* _WORK REQUIRED_
Your answer should consist only of the records, copied exactly, with the images removed.

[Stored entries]
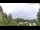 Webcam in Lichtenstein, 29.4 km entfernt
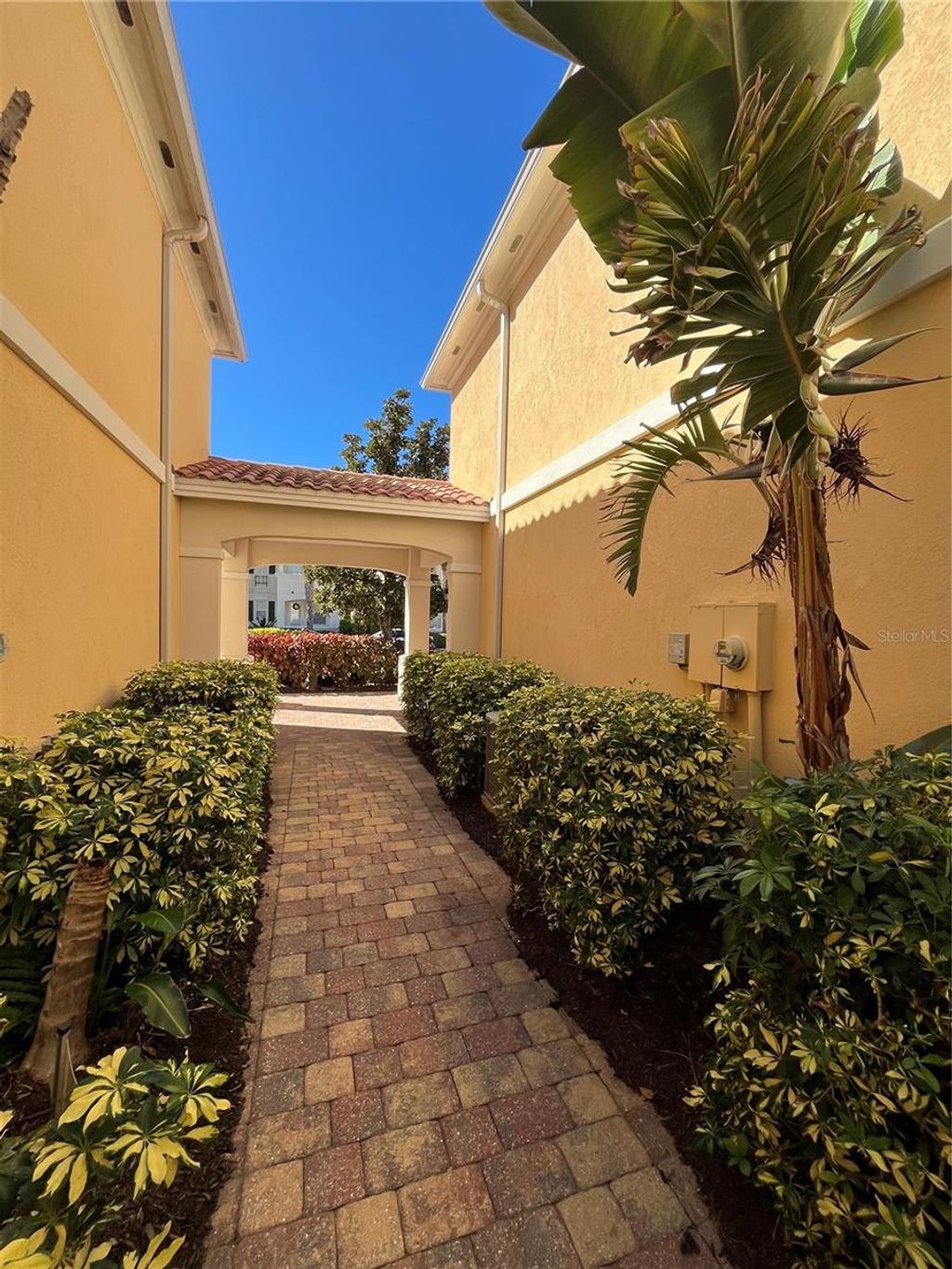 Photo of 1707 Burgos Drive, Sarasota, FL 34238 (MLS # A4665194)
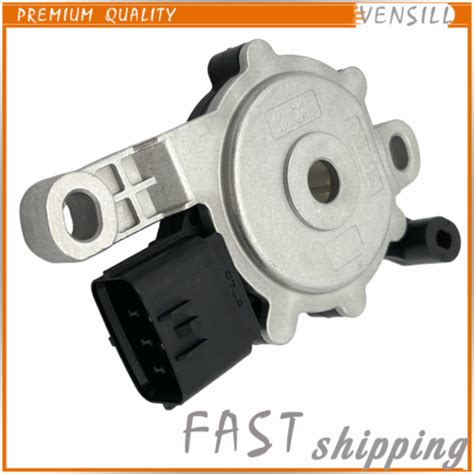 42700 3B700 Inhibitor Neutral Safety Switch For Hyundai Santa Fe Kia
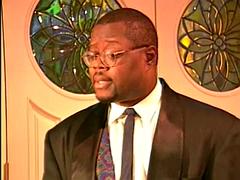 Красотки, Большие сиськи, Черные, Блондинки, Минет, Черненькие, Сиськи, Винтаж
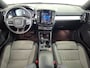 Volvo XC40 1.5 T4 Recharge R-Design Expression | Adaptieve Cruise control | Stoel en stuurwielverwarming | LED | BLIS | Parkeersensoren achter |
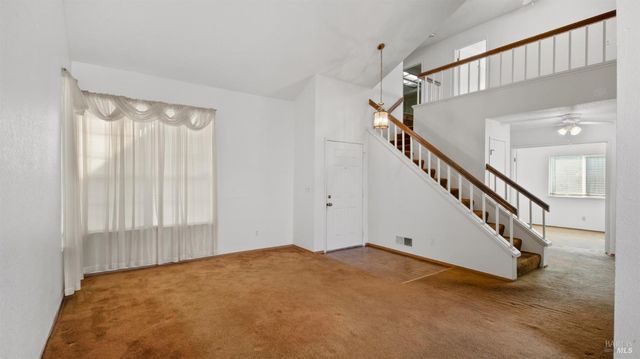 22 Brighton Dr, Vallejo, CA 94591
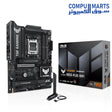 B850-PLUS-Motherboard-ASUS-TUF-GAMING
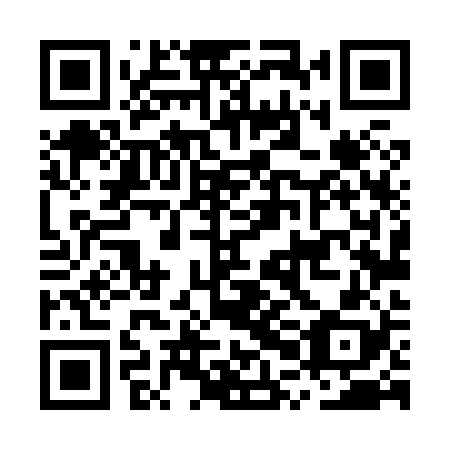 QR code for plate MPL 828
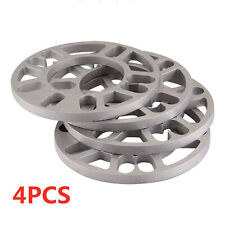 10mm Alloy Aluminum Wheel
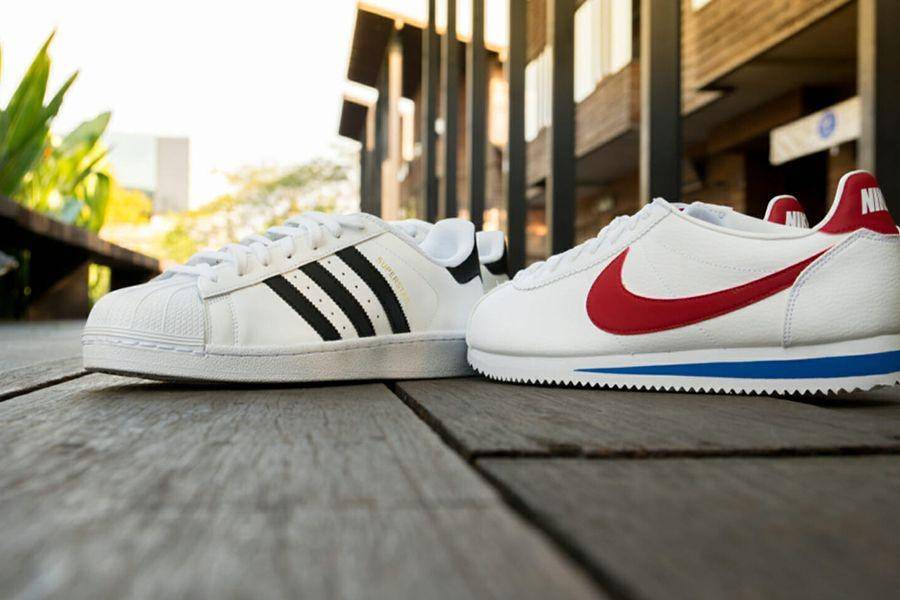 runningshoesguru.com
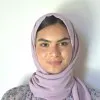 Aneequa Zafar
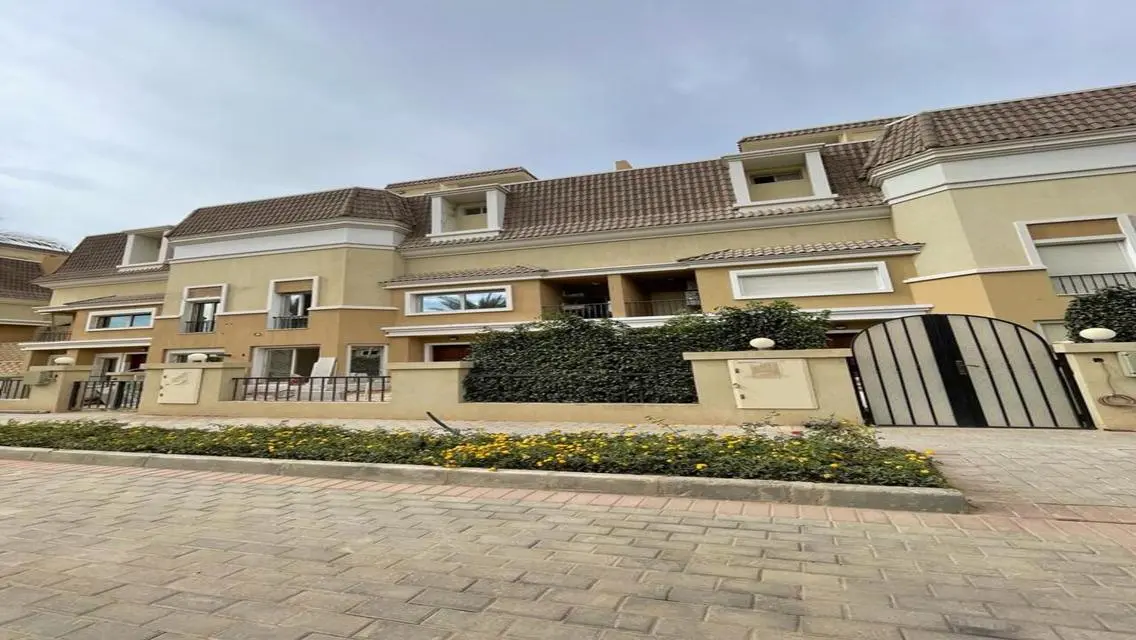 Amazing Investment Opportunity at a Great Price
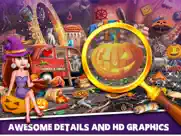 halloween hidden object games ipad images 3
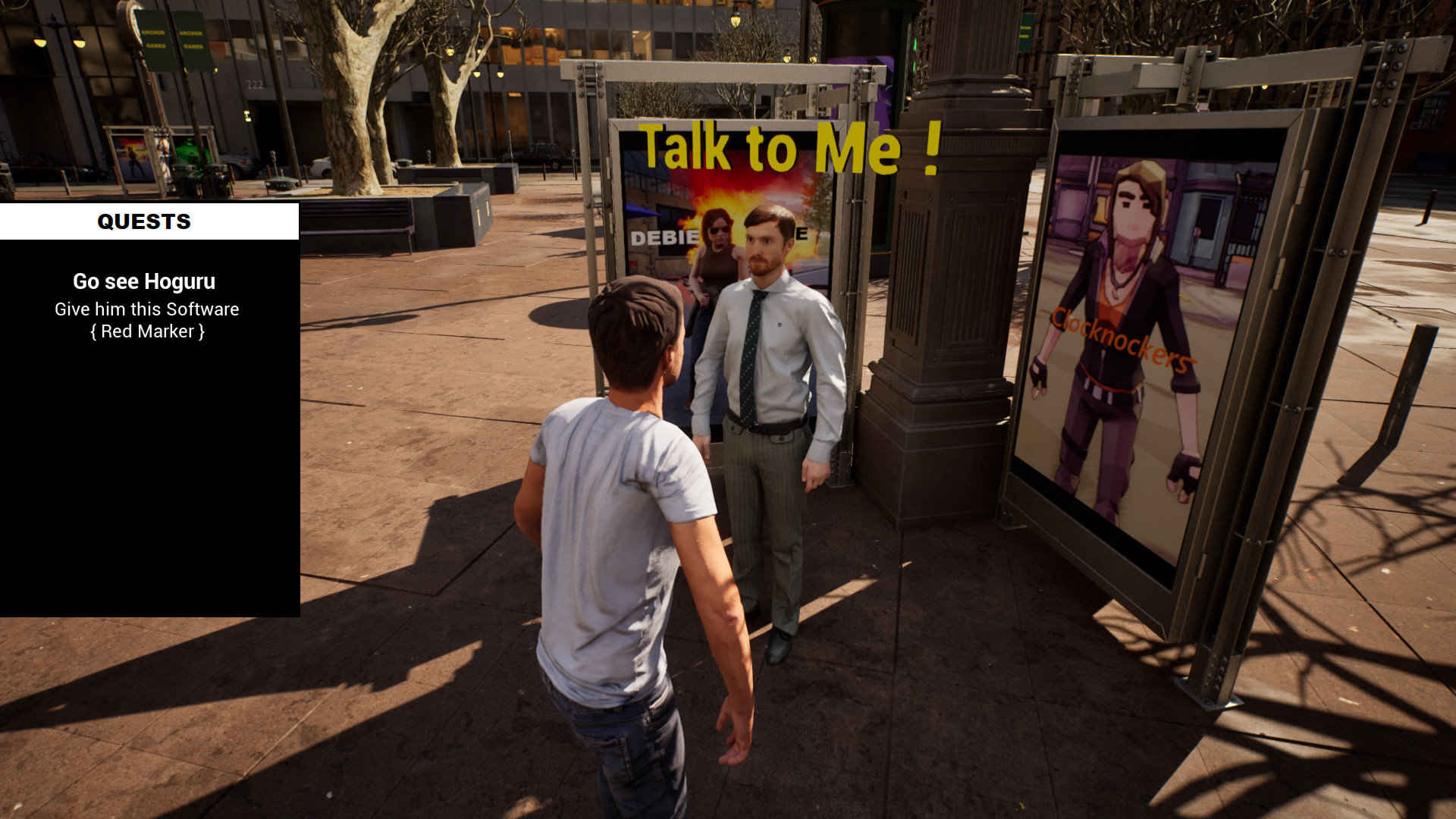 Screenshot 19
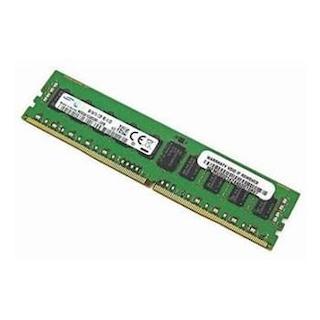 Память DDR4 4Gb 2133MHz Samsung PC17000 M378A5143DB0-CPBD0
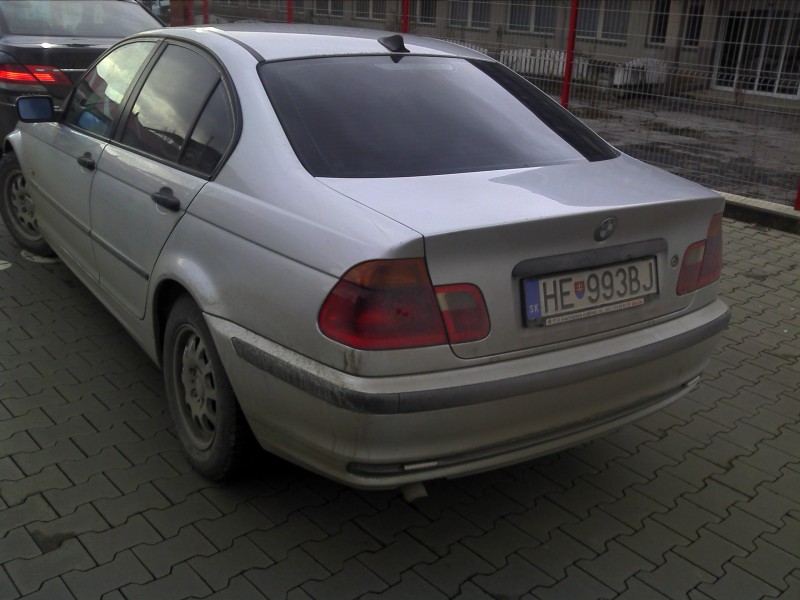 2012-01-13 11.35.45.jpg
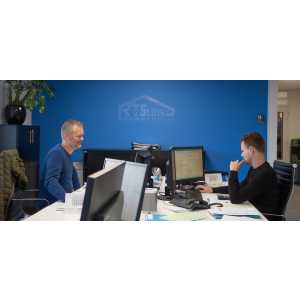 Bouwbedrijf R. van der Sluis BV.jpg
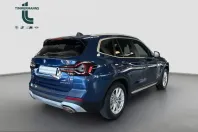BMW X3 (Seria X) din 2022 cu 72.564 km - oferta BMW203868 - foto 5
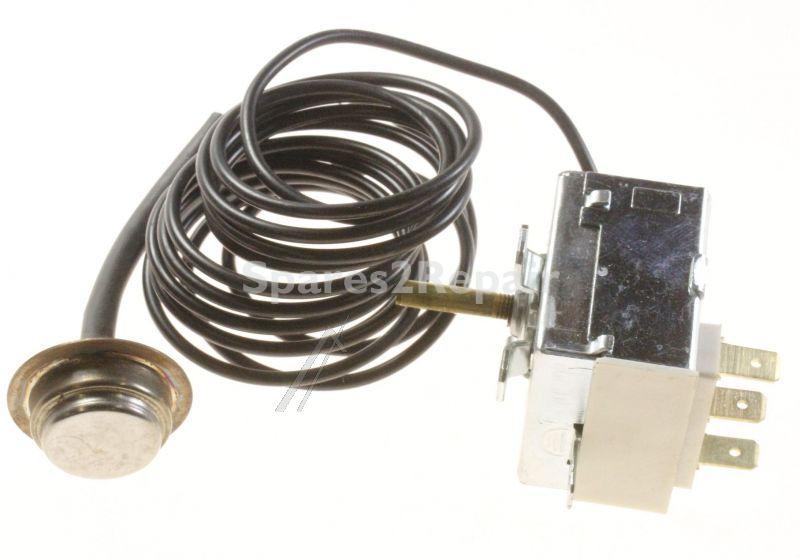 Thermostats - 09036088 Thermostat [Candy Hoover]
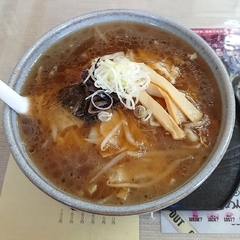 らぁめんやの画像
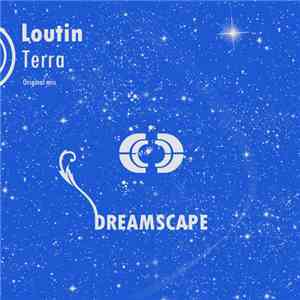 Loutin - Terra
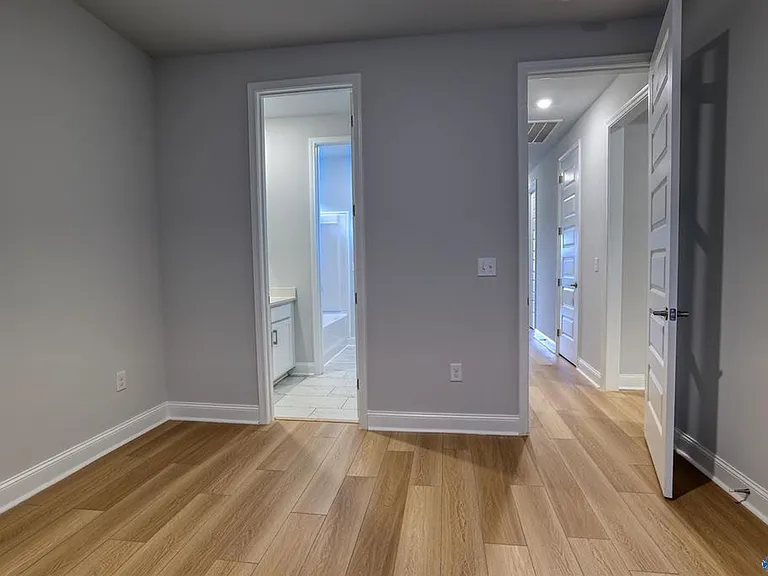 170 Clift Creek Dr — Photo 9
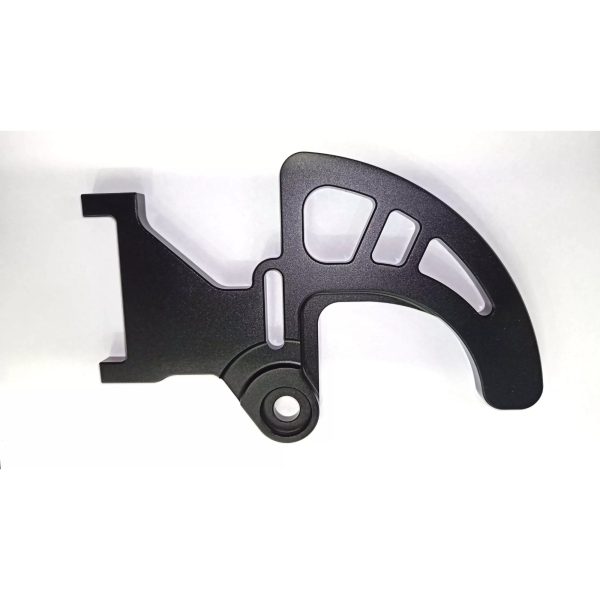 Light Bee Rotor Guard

* _ANSWER BELOW_
 Webcam in Lichtenstein, 29.4 km entfernt
 Photo of 1707 Burgos Drive, Sarasota, FL 34238 (MLS # A4665194)
 42700 3B700 Inhibitor Neutral Safety Switch For Hyundai Santa Fe Kia
 Красотки, Большие сиськи, Черные, Блондинки, Минет, Черненькие, Сиськи, Винтаж
 Volvo XC40 1.5 T4 Recharge R-Design Expression | Adaptieve Cruise control | Stoel en stuurwielverwarming | LED | BLIS | Parkeersensoren achter |
 22 Brighton Dr, Vallejo, CA 94591
 B850-PLUS-Motherboard-ASUS-TUF-GAMING
 QR code for plate MPL 828
 10mm Alloy Aluminum Wheel
 runningshoesguru.com
 Aneequa Zafar
 Amazing Investment Opportunity at a Great Price
 halloween hidden object games ipad images 3
 Screenshot 19
 Память DDR4 4Gb 2133MHz Samsung PC17000 M378A5143DB0-CPBD0
 2012-01-13 11.35.45.jpg
 Bouwbedrijf R. van der Sluis BV.jpg
BMW X3 (Seria X) din 2022 cu 72.564 km - oferta BMW203868 - foto 5
 Thermostats - 09036088 Thermostat [Candy Hoover]
 らぁめんやの画像
 Loutin - Terra
 170 Clift Creek Dr — Photo 9
 Light Bee Rotor Guard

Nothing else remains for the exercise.